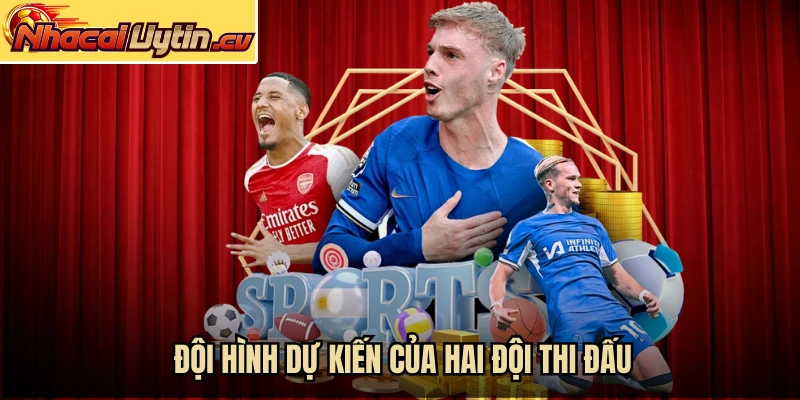 Đội hình dự kiến của hai đội thi đấu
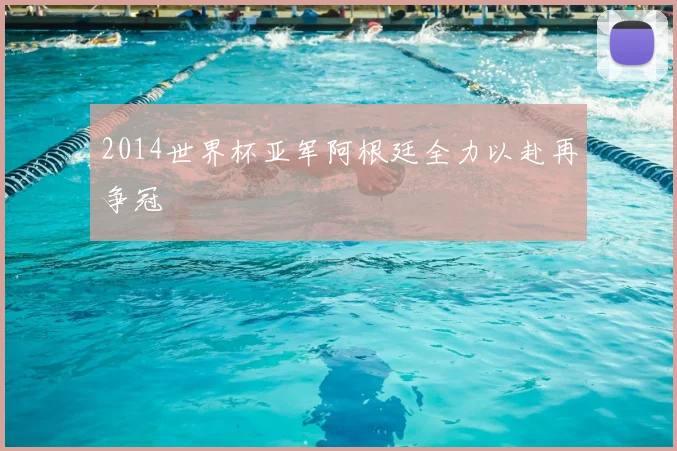 2014世界杯亚军阿根廷全力以赴再争冠
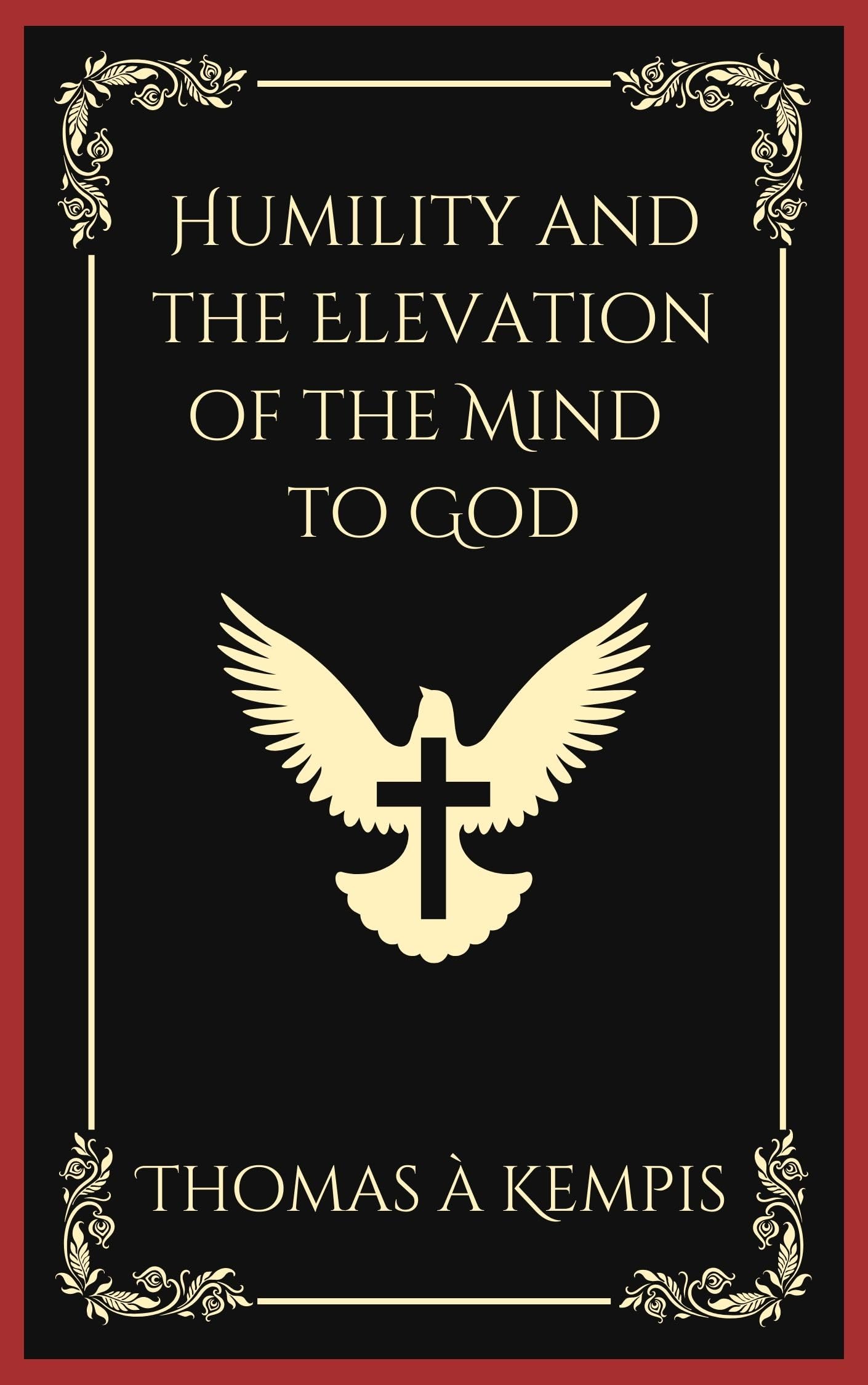 Humility and the Elevation of the Mind to God (Grapevine Press) Religion & Esotericism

# About this task
Set down the material above exactly as it reads, but not its pictures.

# Answer area
 Đội hình dự kiến của hai đội thi đấu
 2014世界杯亚军阿根廷全力以赴再争冠
 Humility and the Elevation of the Mind to God (Grapevine Press) Religion & Esotericism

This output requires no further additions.